You don’t mention the young man’s age. Has he just begun working and is trying to establish himself? Is he an accountant who was extremely busy at that time of the year? Is he could a workaholic? If he is working out of necessity or to reach a specific goal, perhaps he doesn’t want to get involved until he feels more established and secure.

Another possible reason for the delay is that he is involved with someone else and is putting you off until he knows if that shidduch will work out. If this is indeed the case, the shadchan should have been more honest with you. What else does she know that you haven’t been told? Is this man what I call a “career dater,” someone who goes out and can never commit?

Whatever the reason for what happened, I would move on from this shidduch. This young man will pursue it if he is interested once he becomes available.

Regarding taking too long to get information, I always tell people, especially older singles, that if, after one day of inquiry, you see nothing horrific in his background, you should take a chance and meet. Go out with him and see if it is shayach (relevant) at all. If it isn’t, you do not have to go further in your investigation. If it is, you can continue going with him while you accumulate more specific information.

A girl once called my husband with a dilemma. She found out something about the boy that upset her very much. She asked if she should she continue checking him out or go out with him anyway. My husband asked when the date was and was told it was that evening. He told her that she could not call it off this late in the game. She called my husband back the next day and thanked him, saying that their personalities made it completely not shayach. “Baruch Hashem,” she said, “I do not have to indulge in lashon hara and rechilus because it was not for me anyway.”
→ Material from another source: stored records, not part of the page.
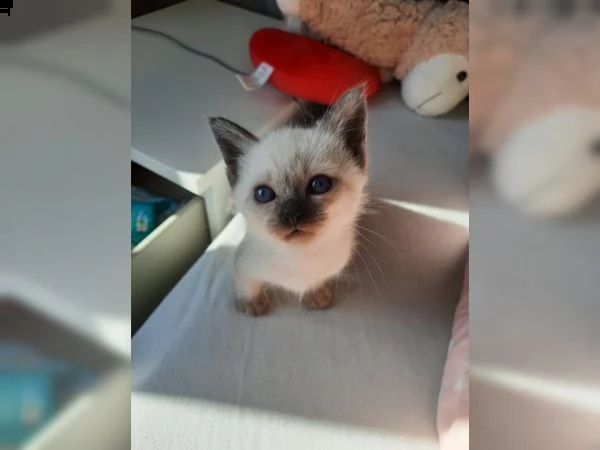 cuccioli gattini siamesi thai | Foto 4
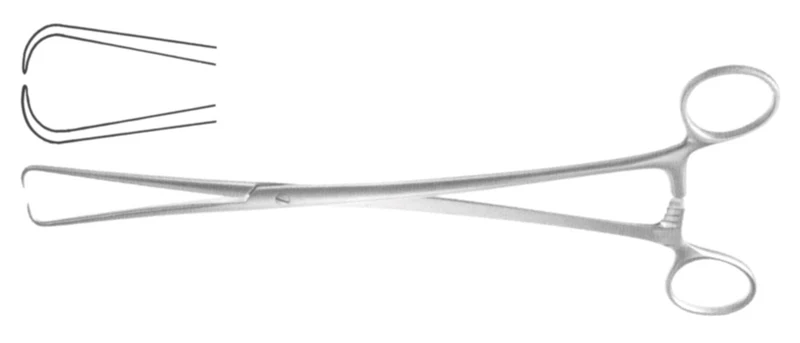 Pince Pozzi-Palmer droite 24 cm Fine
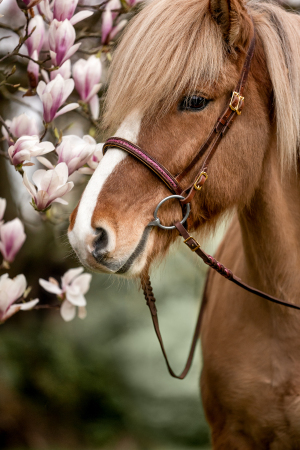 Pferdefotografie-Magnolie-005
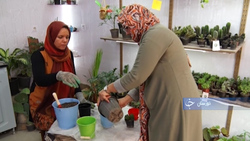 کار آفرینی زن گلستانی با یک دست معلول + فیلم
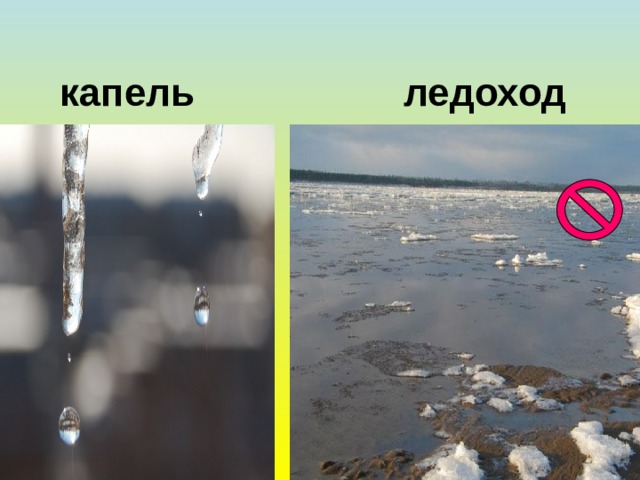 капель ледоход 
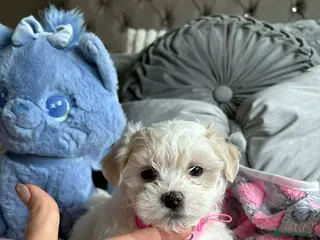 Maltese dogs 🩷 Ready, house trained Gorgeous Korean Maltese 🩷 - Advert 4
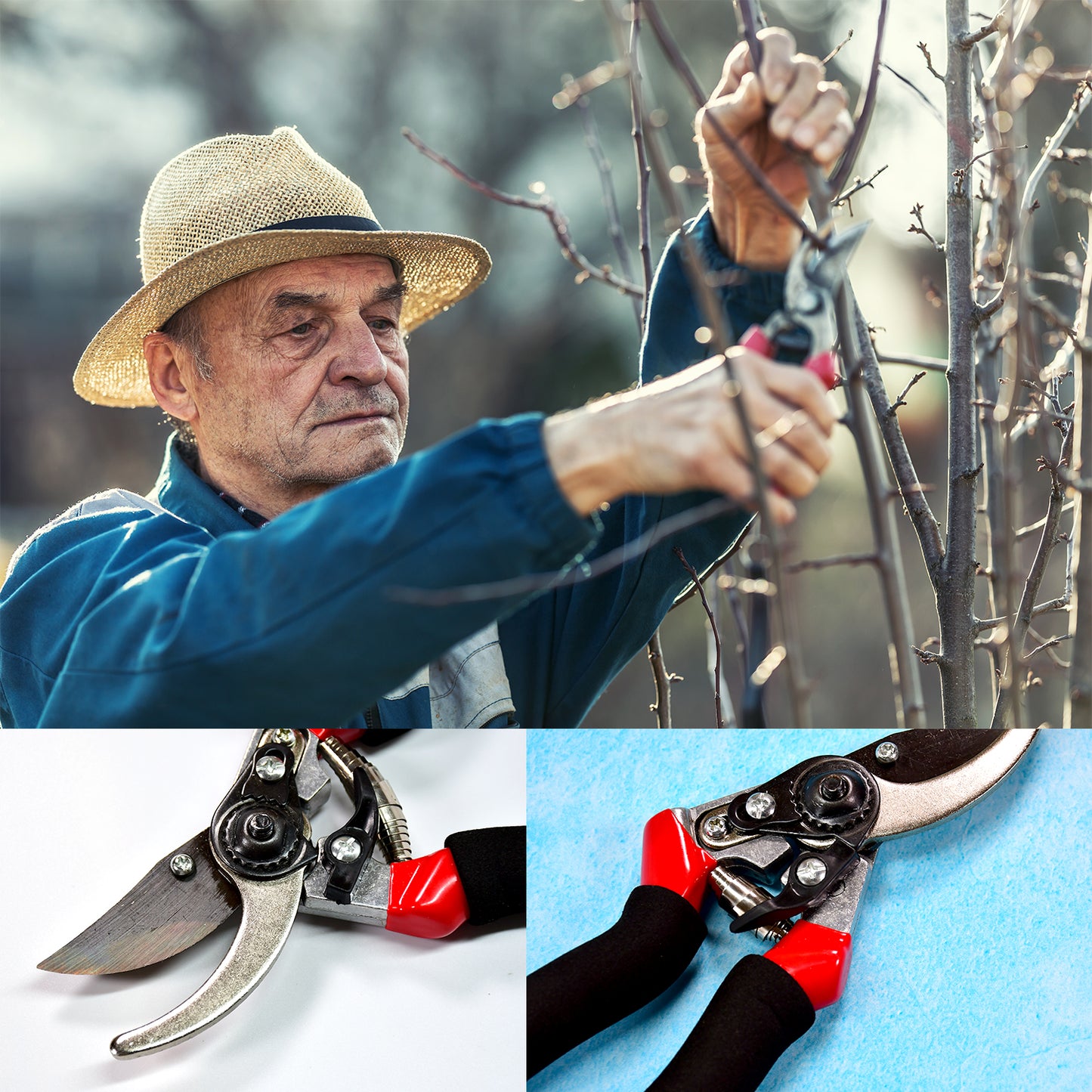 21Cm Red Garden Shears Sharp Cutter Pruners Scissor Pruner.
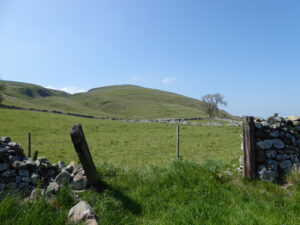 Hill Fence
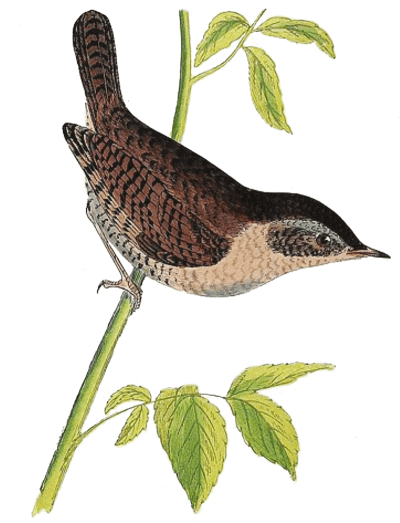 Troglodyte Mignon - Illustration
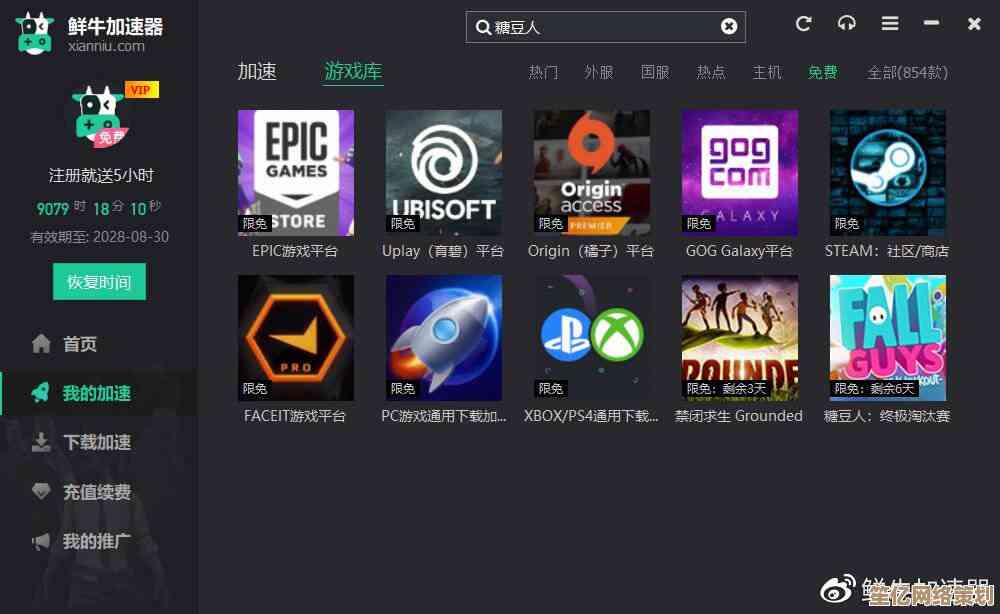 与迅雷游戏加速器并肩，体验极速连接带来的胜利快感！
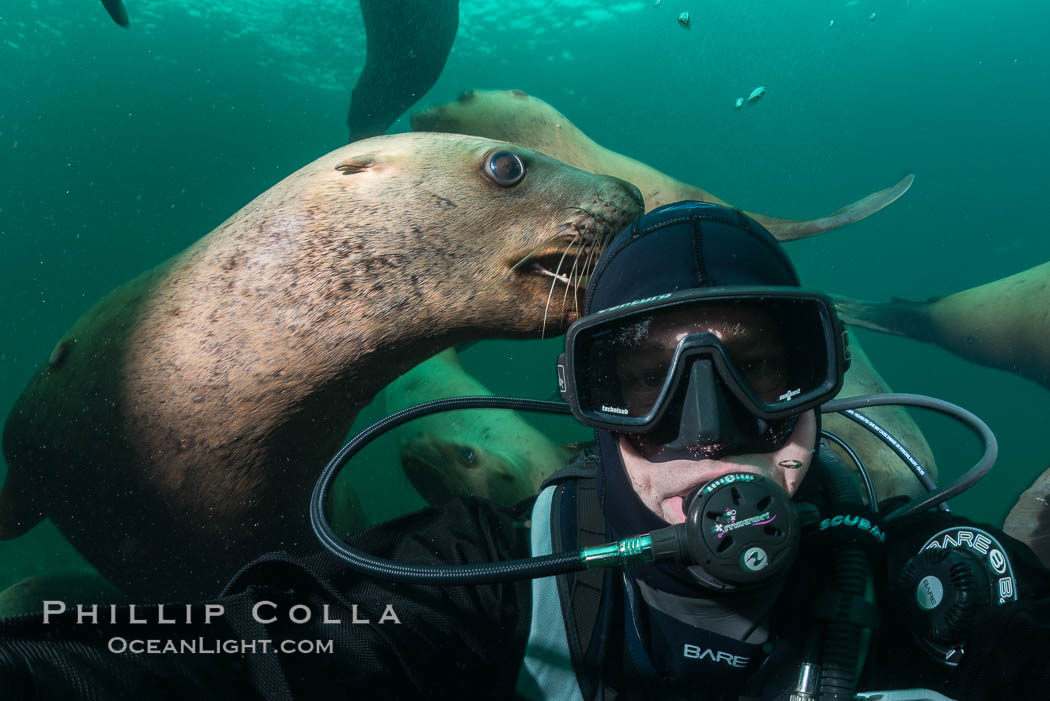 Selfie with Steller sea lion underwater, Norris Rocks, Hornby Island, British Columbia, Canada., Eumetopias jubatus, natural history stock photograph, photo id 32796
I am sure there are those reading this who do not agree with this approach. Some people feel there should be complete FBI investigations before the first date, even though such research can take forever. If you have read any of my past columns, you know that this is not my view. I strongly feel that the final decisions must be made by the young couple from the very beginning. Before contemplating marriage and starting to date, people must be mature enough to value their own judgment and know what they can and cannot handle in a prospective mate.

Some shadchanim are afraid to give young people that freedom. They must be in control. I am not that type of shadchan. Yes, I admit, mistakes may be made. But I have confidence that mistakes can be minimized if the couple is mature enough. In fact, many of the same mistakes are quite often made even after weeks of investigation. Many girls who are now divorced or had to break their engagement before the chasana come to me for shidduchim disillusioned and upset about some of the terrible situations they have encountered. I ask them why they didn’t check the person out. The answer is that they did but were lied to.

I therefore strongly feel that anyone who is mature enough to get married is mature enough to make decisions about his or her own future. As a shadchan, I can only set people up based on my own observations, which are admittedly superficial. The daters themselves must discern the true essence of the ones they date. And their future lies in the hands of the Ribono Shel Olam, not mine.

Now, I’ll get off my “soap box” and discuss your first situation. The first boy was busy three days later. Did the shadchan know that he was considering another suggestion? If so, she should have been honest with you. Or perhaps the boy did not tell her or changed his mind during those three days but neglected to inform the shadchan.

Why was there so much confusion? You should be able to rely on the shadchan when she gives you a yes from a boy. The shadchan needs to be responsible and follow up on what’s happening. In any event, I would move on and not wait for a call from the shadchan. I do not think you should call her again for at least a month, if you are still interested in either of these shidduchim. If these young men want to follow up and meet you, they will make the effort. By the way, was it the same shadchan both times? If so, I would leave that shadchan and proceed with a different one who will stay on top of the situation.

I hope I have given you some insight into your dilemma and wish you hatzlacha. May Hashem bring the right one to you very soon.